Hanna Skandera “served as the deputy commissioner of education under (Florida) Governor Jeb Bush, where she promoted and implemented middle and high school reforms that instituted greater accountability, incentives for high performance and the end of social promotion,” a news release from Martinez’s transition team states.
“As a result of the education reforms put in place in Florida, reading scores improved dramatically across ethnic groups, with Hispanic students outperforming all students in 31 other states,” the release states.
Skandera has also served as a senior policy advisor for the U.S. Department of Education and undersecretary for education for the State of California.

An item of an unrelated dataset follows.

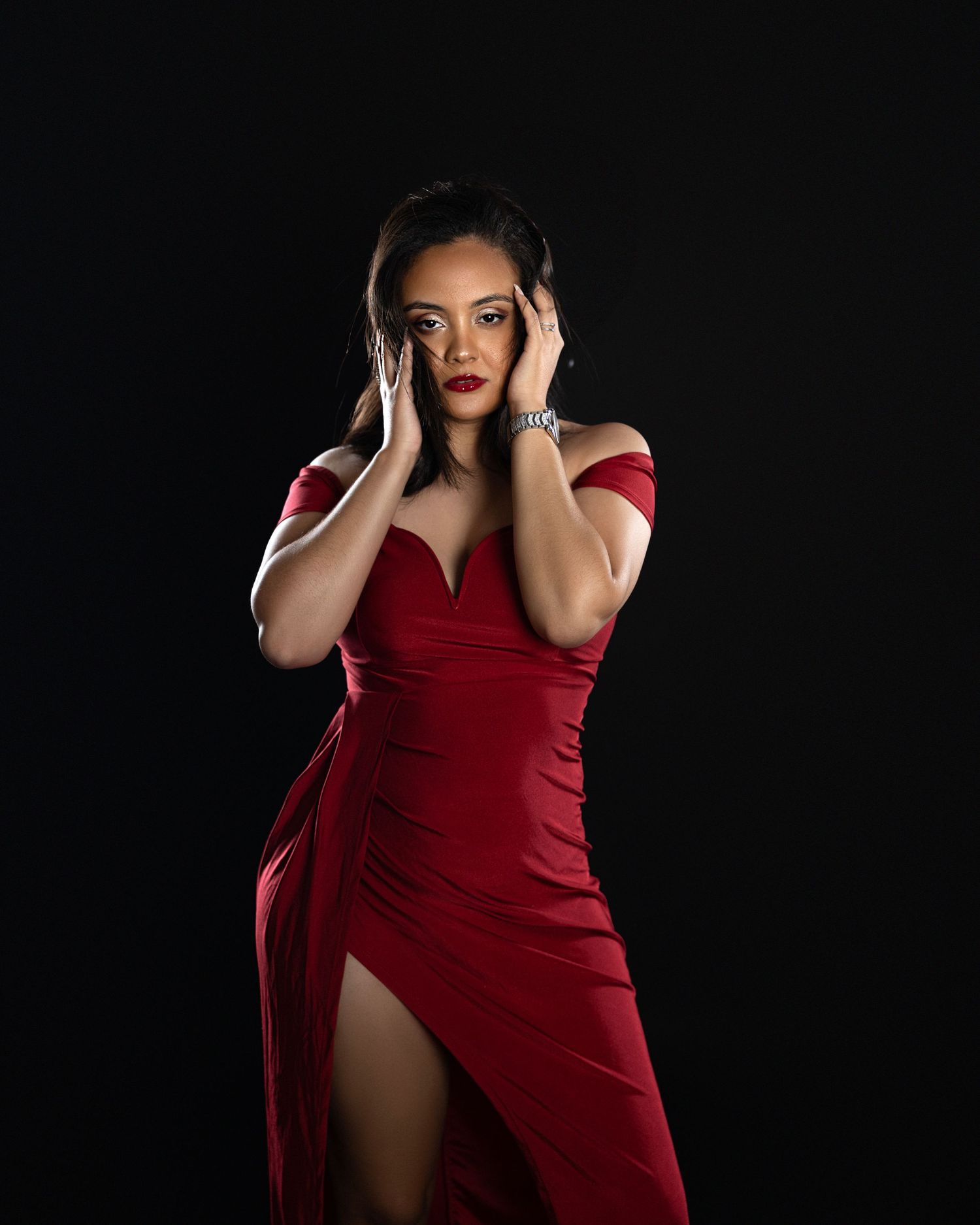 Glamour portrait against dark background featuring model in elegant red evening gown.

“Hanna is a proven reformer who has successfully implemented education innovations and achievement-based reforms for two of our nation’s governors,” Martinez said in a news release. “She shares my belief that we must focus on implementing reforms that improve student achievement here in New Mexico, rather than simply throwing more money at a failed system.”
Skandera said Martinez has directed her “to reform a system that has failed young New Mexicans, and we will do so by raising standards, rewarding excellence and re-focusing our attention on classroom achievement.”
“The foundation for these bold changes is an approach to education that puts students first,” she said.
Update, 3:45 p.m.
Martinez’s team sent this statement from Bush:
“Hanna is a passionate, effective advocate for improving student achievement. Her vast academic, government and professional experience in education makes her an incredible asset to New Mexico as they work to improve student outcomes.”
Update, 4:15 p.m.
Think New Mexico’s Fred Nathan was quick to praise the selection of Skandera.
“Governor Elect Susana Martinez deserves an A+ for choosing Hanna Skandera as PED secretary,” he said. “Skandera is a true education reformer and a data-driven proponent of smaller schools. Her selection is especially good news for public school children and their parents seeking smaller learning environments.”
Think New Mexico is advocating for smaller schools, and Nathan pointed to an article co-authored by Skandera that does the same.